Week 11: Messy Data

This week we are going to do a short exercise on working with different kinds of data. The datasets we've used in our in-class exercises have mostly been pretty clean; we're going to use multiple representations of the same underlying data to see the different ways data can be represented while still conforming to a common file format.

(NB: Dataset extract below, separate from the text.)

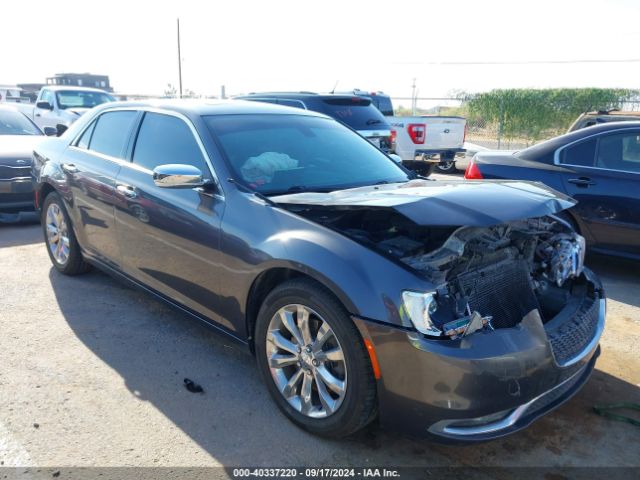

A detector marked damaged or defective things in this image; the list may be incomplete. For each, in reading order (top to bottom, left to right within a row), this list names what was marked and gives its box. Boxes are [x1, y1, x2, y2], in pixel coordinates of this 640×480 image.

The data this week is drawn from a well-known paper on the effect of shark attacks on the 1912 presidential election. The result---that Woodrow Wilson may have lost his home state of New Jersey because he was blamed for shark attacks that happened while he was governor of the state---has been controversial.

In [1]:
import csv
import json
from pprint import pprint as pretty_print

(1.1) We're going to be working with files a lot today. For this, we'll want a convenient way to peek at the contents of a file. Write a head() function that takes a filename and prints the first $n$ lines of the file.

In [2]:
def head(fname, n=5):
    """Print the first n lines of a file."""
    with open(fname, "r") as fin:
        for line in fin.readlines()[:n]:
            print(line.strip())

A quick digression on context managers. In previous weeks, we opened a file, did something with the contents of the file, and then had to remember to close the file. We can simplify this by using a context manager and the with keyword.

with open(filename, "r") as my_file:
    do_stuff_with_my_file()

Here we open a file (called filename) and assign it to a variable called my_file. This is equivalent to writing:

my_file = open(filename, "r")

The with keyword defines a new indented block - the context in which we are using the file. When we exit this block, either by returning to the previous level indentation, or by encountering an error, the context manager calls my_file.close() for us.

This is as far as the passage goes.